Secretário Renato Feder insiste em aplicar prova para Professores(as) PSS

A APP-Sindicato denuncia autoritarismo por parte de Ratinho Jr e Renato Feder e aponta que valor gasto com prova deveria ser utilizado em Concurso Público

A Secretaria de Estado da Educação do Paraná (Seed) insiste em alterar critérios da seleção dos (as) professores(as) do Processo Seletivo Simplificado (PSS) para o ano de 2021 onde um deles é a prova. O contrato foi assinado no dia 30 de setembro, sem o conhecimento da comissão de profissionais PSS, que foi instituída como compromisso da greve em julho 2019. A APP-Sindicato aponta que o Secretário de Educação, Renato Feder, utiliza de uma postura autoritária, pois a categoria só tomou conhecimento do contrato nas redes sociais.

O departamento de PSS’s aponta que quando questionada quanto aos critérios, aos protocolos de segurança em virtude da pandemia, custos aos candidatos, gastos do Estado, Universidade ou empresa que irá organizar o processo, a Seed se esquivou e não deu respostas conclusivas. O Coordenador do departamento, Professor Elio da Silva aponta que o secretário Feder e a gestão da Seed não têm levado em consideração a qualidade da educação e apresenta apenas uma preocupação  mercadológica visando lucro.

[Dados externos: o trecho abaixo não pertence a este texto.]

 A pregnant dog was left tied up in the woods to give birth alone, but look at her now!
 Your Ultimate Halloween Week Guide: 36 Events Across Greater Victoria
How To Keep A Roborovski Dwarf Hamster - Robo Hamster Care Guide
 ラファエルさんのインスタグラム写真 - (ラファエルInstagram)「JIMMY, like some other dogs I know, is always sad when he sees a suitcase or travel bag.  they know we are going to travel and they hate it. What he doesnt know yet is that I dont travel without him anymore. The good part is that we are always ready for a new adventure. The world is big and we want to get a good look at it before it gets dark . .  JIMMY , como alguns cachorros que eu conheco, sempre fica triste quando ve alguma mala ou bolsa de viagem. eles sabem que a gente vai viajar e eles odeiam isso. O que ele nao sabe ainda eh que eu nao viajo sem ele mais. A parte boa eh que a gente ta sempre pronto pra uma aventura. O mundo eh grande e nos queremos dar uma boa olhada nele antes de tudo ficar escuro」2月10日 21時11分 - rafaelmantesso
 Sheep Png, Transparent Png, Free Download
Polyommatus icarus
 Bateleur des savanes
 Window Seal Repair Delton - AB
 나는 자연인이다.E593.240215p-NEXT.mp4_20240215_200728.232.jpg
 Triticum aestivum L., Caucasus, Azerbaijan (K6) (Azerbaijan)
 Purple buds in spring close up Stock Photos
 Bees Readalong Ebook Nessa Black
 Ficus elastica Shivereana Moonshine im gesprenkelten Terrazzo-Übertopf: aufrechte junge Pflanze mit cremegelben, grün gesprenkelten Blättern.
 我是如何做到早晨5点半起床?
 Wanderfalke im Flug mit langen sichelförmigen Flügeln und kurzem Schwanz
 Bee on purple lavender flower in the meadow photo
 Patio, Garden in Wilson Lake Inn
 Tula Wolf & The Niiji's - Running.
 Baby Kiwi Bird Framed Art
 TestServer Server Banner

:: Confira aqui o contrato assinado pela Seed

“Houve poucas reuniões da comissão neste ano e o que destaco é a falta de diálogo da Seed em relação aos encaminhamentos. A Seed assinou um contrato, sendo que a comissão estava para fazer o debate e em momento algum a Secretaria aprofundou este debate. Nós consideramos esta uma prática antissindical, pois Feder e sua equipe em nenhum momento debateram, efetivamente, as eventuais mudanças para o próximo processo seletivo para Professores(as) PSS”, enfatiza Elio da Silva.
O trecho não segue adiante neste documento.